Mother and Head of All Churches of the City and the World
For Catholics who have not had the opportunity to go to Rome, today’s festival may seem remote and almost unreal. Saint Peter’s Basilica holds a more prominent place in the Catholic imagination. News commentators often mistake Saint Peter’s for the cathedral of the bishop of the Rome. Saint Peter’s gets all the media coverage. The dome of Saint Peter’s is, for many, the icon of Catholicism; to the eyes of the world Bernini’s colonnade is the embrace of the Church, great arms flung open in an embrace that defies the ages.
For all of this, Saint John Lateran remains the Mother Church of the Eternal City and of the world, the church wherein every Catholic can be at home. The inscription on the façade of the Lateran reads: Omnium urbis et orbis ecclesiarium mater et caput, mother and head of all churches of the city and of world. One cannot visit the Lateran Basilica without coming away with a clearer impression of what it means to be a Roman Catholic.
A Pilgrimage of the Heart
The liturgy summons us today us to make a pilgrimage of the heart. Today’s Mass and Divine Office are full of mysterious archetypes: thresholds and doors, stones and ladders, pillars and gates, fires and storms, trumpet blasts and mountains, water and blood. All of these resonate to the great central affirmation of the liturgy of the Dedication of a Church: “God is in his holy place” (Ps 67:6).
Rome is Home
The distance separating Rome and every other place is swallowed up in the mystery of the Holy Sacrifice. Our mystical pilgrimage to the heart of the Church leads us always to the altar. In a very real sense, for all of us, Rome is home. Transposed into the realm of the faith, the ancient adages hold true: to be Roman is be to be free, to be Roman is to be a citizen of the world.

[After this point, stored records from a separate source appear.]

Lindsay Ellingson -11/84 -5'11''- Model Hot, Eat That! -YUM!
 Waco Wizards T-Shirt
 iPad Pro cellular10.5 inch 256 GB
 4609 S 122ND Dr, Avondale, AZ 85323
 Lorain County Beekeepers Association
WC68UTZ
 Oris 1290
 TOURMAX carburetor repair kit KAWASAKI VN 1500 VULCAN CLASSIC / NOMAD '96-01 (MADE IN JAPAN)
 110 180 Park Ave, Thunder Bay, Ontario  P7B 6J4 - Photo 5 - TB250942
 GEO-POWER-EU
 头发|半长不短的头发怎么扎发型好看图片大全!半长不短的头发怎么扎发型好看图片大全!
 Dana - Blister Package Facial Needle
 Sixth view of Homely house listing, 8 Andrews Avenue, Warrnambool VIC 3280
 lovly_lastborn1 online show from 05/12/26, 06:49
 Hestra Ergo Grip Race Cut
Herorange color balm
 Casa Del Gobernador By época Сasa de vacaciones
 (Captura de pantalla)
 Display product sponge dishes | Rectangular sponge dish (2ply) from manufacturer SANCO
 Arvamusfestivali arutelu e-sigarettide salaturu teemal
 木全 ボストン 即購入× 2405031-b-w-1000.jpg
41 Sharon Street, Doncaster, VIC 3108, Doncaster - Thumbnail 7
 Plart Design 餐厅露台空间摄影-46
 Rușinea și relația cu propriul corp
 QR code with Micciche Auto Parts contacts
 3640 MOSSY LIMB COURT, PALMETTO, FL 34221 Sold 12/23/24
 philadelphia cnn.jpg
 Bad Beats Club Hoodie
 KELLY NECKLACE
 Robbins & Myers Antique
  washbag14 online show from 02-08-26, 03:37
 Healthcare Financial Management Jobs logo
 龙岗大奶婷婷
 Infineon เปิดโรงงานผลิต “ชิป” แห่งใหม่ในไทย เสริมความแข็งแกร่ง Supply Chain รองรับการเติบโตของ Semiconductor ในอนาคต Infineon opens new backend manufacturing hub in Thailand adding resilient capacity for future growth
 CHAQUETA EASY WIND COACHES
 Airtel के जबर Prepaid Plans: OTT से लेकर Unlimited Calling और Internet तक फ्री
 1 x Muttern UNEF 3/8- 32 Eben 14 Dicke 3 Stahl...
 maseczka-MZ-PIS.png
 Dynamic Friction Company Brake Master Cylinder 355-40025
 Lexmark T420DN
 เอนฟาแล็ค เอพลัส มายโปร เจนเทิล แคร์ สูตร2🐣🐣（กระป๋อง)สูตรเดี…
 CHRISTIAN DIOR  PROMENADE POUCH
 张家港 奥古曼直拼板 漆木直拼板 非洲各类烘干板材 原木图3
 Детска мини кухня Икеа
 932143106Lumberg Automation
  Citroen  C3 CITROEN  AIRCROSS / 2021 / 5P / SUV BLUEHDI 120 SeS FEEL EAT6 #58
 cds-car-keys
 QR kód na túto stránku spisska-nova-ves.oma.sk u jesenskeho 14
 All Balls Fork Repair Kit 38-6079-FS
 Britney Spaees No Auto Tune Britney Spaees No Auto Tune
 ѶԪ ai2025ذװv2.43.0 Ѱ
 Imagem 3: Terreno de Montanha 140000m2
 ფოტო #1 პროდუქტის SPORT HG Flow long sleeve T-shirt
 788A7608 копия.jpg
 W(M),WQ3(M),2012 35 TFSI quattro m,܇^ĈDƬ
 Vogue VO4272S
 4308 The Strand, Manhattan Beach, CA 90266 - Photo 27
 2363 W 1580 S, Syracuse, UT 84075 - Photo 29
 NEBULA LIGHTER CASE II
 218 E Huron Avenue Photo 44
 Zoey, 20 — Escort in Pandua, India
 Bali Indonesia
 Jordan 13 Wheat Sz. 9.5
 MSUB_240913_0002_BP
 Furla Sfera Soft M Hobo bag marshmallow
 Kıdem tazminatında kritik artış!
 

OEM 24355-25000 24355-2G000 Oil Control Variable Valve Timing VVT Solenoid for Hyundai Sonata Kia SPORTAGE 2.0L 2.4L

In the Sweet Obedience of Communion With Peter
Being Roman Catholic means being Catholic at the crossroads of the world, Catholic in the sweet obedience of communion with Peter, Catholic in adhering to the truth taught from Peter’s Chair, a truth resplendent with the blood of the Church’s martyrs and all ablaze with the fire of her mystics. The festival of the Dedication of the Lateran says to those who have ears to hear, “Come to the heart of the Church, live in the heart of the Church. Let zeal for the house of God consume you.”